Karna peran keluarga bukanlah solusi menutup celah kekerasan seksual dalam lingkup keluarga. Yang sejatinya tak cukup hanya keluarga , namun butuh peran nyata Negara dan masyarakat. Apalagi persoalan mendasar adalah adanya sistem yang rusak yang membuka peluang terjadinya kekerasan seksual pada anak. Selain itu lemahnya  penegakanhukum  juga mengakibatkan  korban tidak mendapatkan keadilan yang sesuai.

Sistem sekuler adalah buahnya, ketika kerusakan masif terjadi bukan tersebab orangnya, melainkan sistem yang mengaturnya. Meski tatanan masyarakatnya baik, namun ketika sistem yang mengaturnya tak baik dan benar maka percuma hanya melahirkan bibit-bibit parasit yang justru menimbulkan kerusakan dan masalah tanpa solusi.
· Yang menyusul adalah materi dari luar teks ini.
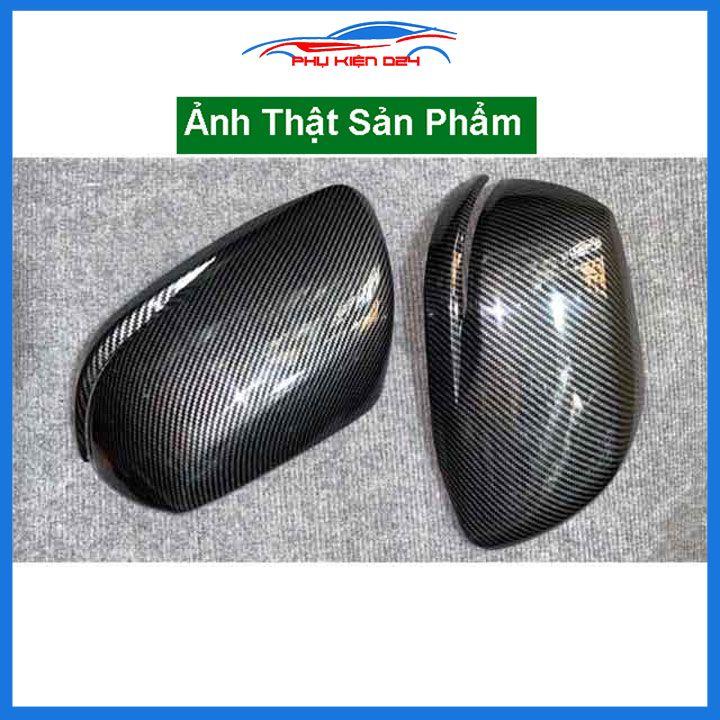Ốp gương chiếu hậu CRV, C-RV 2018-2019-2020-2021-2022 vân Cacbon bảo vệ chống trầy trang trí làm đẹp xe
Terlebih dengan dukungan sistem hari ini, segala media bisa diakses sebebas-bebasnya, dari umur balita sampai yang berambut putih pun bisa mengaksesnya. Hal ini pun disebabkan pada beberapa hal ; Pertama, pola pikir yang hari ini dipakai oleh masyarakat terbilang bebas, (liberal) melakukan aktivitas apapun dan semuanya tanpa ada hukum yang melarang dibalik perbuatan tersebut. Kedua, adanya pemisahan agama dari kehidupan (sekulerisme) yang pada hari ini sistem yang dipakai merupakan sistem demokrasi yang membebaskan apapun tanpa larangan. Maka wajar bila sekuler melahirkan kerusakan bukan perbaikan.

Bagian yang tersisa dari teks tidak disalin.